From Black Power to Hip Hop
- Author: Patricia Hill Collins
- Language: English
- Publisher: Temple University Press
- Publication date: 2006; 20 years ago
- Publication place: United States
- Media type: Print (hardcover, paperback)
- Pages: 256

= From Black Power to Hip Hop =

2006 book by Patricia Hill Collins

From Black Power to Hip-Hop: Racism, Nationalism, and Feminism is a 2006 book by Patricia Hill Collins. Published by Temple University Press, the book centers on the author's experiences with racism in America, and also includes experiences from other Black men and women and their responses to it. In the end, Collins offers her take on Black youth and how it is changing, along with how Black nationalism works today.

==Summary==
===Part I: Race, Family, and the U.S. Nation-State===
- "Like One of the Family: Race, Ethnicity, and the Paradox of American National Identity": The preliminary essay discusses the family unit as a prominent part of the American national identity as well as point of citizenship. In this, Collins makes critiques about the Western feminist's perception of the family as a point of female oppression throughout history; how the idea of a nuclear family has frequently left women with less power.
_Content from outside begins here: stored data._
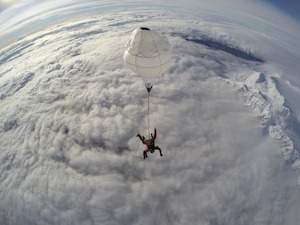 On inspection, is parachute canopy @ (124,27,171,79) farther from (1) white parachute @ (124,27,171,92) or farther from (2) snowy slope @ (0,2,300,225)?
(2) snowy slope @ (0,2,300,225)

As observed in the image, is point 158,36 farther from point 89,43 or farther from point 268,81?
point 89,43

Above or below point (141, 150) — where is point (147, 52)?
above

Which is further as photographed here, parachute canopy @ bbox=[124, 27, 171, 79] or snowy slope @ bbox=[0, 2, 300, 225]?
snowy slope @ bbox=[0, 2, 300, 225]

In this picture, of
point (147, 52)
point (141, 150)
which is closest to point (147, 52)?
point (147, 52)

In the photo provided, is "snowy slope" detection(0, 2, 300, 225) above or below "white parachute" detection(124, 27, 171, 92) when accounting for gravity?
below

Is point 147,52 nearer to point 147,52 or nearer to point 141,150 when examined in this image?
point 147,52

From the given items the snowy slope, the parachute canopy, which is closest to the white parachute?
the parachute canopy

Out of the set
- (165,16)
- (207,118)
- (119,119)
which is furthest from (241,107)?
(165,16)

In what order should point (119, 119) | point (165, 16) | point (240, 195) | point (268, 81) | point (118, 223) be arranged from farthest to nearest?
point (165, 16), point (268, 81), point (119, 119), point (240, 195), point (118, 223) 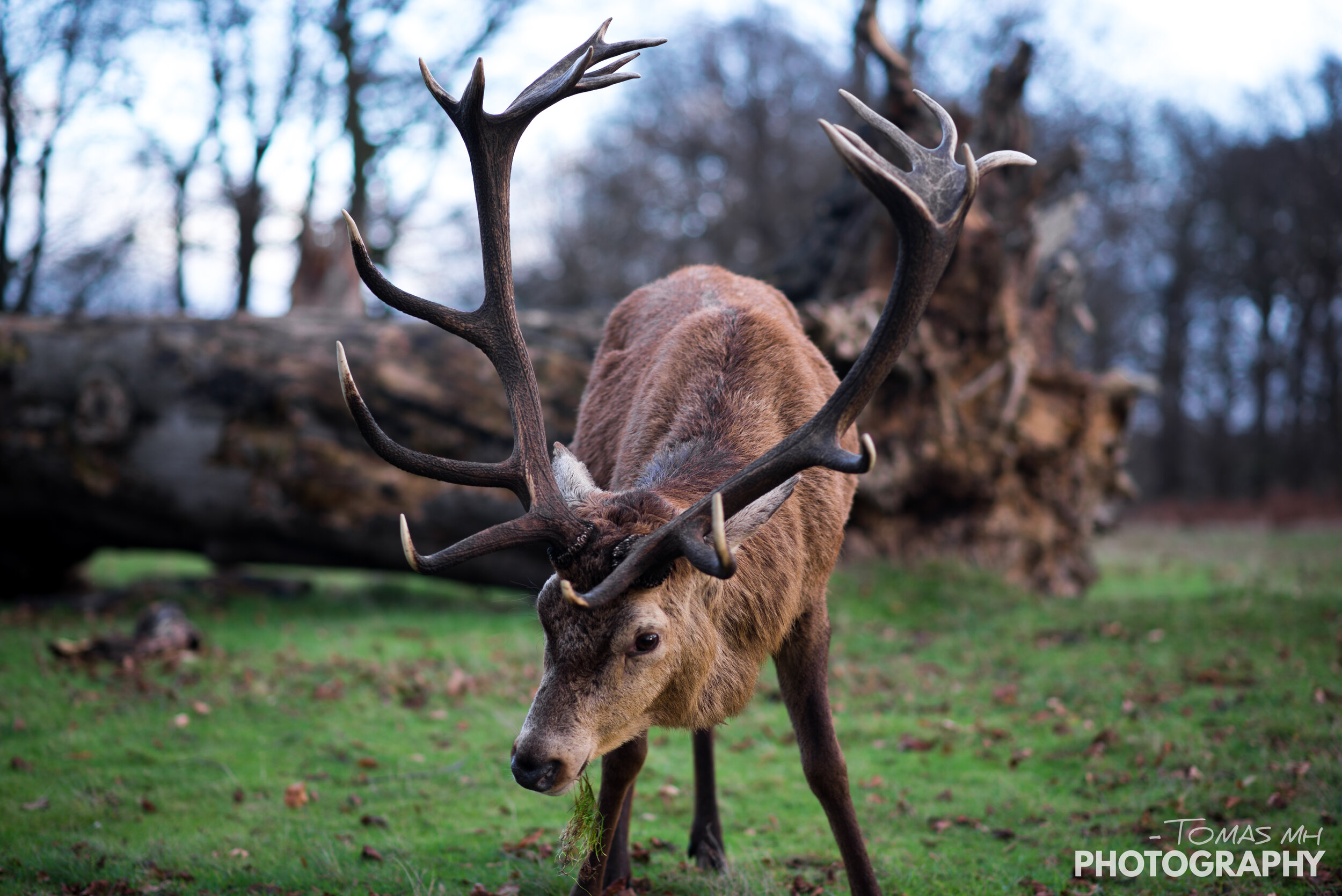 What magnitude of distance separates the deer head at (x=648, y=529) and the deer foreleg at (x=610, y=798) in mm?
322

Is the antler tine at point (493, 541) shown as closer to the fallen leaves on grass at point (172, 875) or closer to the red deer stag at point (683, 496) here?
the red deer stag at point (683, 496)

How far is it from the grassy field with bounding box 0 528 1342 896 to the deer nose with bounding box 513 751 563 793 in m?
1.10

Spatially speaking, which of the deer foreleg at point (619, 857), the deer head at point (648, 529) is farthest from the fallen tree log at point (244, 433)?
the deer head at point (648, 529)

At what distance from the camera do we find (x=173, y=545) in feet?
30.0

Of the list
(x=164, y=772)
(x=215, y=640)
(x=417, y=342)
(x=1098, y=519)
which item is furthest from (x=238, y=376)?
(x=1098, y=519)

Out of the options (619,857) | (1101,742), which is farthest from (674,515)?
(1101,742)

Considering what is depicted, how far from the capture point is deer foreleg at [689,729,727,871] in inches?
165

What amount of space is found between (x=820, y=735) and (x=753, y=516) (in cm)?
106

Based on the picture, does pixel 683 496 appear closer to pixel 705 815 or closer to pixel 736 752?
pixel 705 815

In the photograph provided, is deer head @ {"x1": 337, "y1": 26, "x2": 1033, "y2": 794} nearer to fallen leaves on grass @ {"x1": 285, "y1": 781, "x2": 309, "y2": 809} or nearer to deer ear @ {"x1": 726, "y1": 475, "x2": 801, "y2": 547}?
deer ear @ {"x1": 726, "y1": 475, "x2": 801, "y2": 547}

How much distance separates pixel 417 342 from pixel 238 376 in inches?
63.9

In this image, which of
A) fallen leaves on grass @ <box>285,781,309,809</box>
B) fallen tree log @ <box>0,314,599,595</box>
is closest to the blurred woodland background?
fallen tree log @ <box>0,314,599,595</box>

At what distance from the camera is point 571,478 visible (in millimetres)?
3494

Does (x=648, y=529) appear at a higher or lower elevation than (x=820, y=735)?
higher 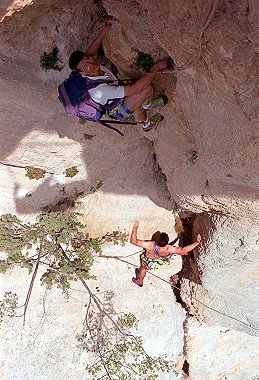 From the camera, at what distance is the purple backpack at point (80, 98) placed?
3.74 m

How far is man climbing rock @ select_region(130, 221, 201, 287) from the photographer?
623 centimetres

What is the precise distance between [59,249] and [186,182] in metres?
2.32

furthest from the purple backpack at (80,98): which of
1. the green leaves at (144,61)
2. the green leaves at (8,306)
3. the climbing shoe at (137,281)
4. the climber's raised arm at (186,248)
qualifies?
the climbing shoe at (137,281)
She links ideas of racism and nationalism due to their “mutually constructing categories.”
- "Will the 'Real' Mother Please Stand Up? The Logic of Eugenics and American National Family Planning": This essay examines the designated role of motherhood and how it links gender to nationalism. How women remain crucial in nationalist ideologies, but in a narrow-minded scope. Feminist scholars have long discussed the concepts of feminism and nationalism and how gendered the latter is, with women being put in certain boxes of requirements to fill for her nation-state. Her roles include the obvious carrying on of the population – i.e., her role as a mother – her keeping of traditional culture and ability to pass it on, and an aspect of the nation serving as motivation to protect.

===Part II: Ethnicity, Culture, and Black Nationalist Politics===
- "Black Nationalism and African American Ethnicity: The Case of Afrocentrism as Civil Religion": This set of essays discusses the idea of African nationalism as experienced by African-Americans, the longest oppressed group of people in United States history. When African Americans pursue ethnic mobilization, their sentiments are disregarded and considered anti-American, and separatist. Essentially this essay brings to light the discomfort that arises when African Americans voice concerns that are outside of the comfort box.
- "When Fighting Words Are Not Enough: The Gendered Content of Afrocentrism": The fourth chapter of the book is informative in that it discusses the introduction of Black cultural nationalism into the world of academia. Essentially, the idea that the problem with Afrocentrism is not solely White resistance – though that was indeed a factor – but rather that the problems within the idea itself were also to blame.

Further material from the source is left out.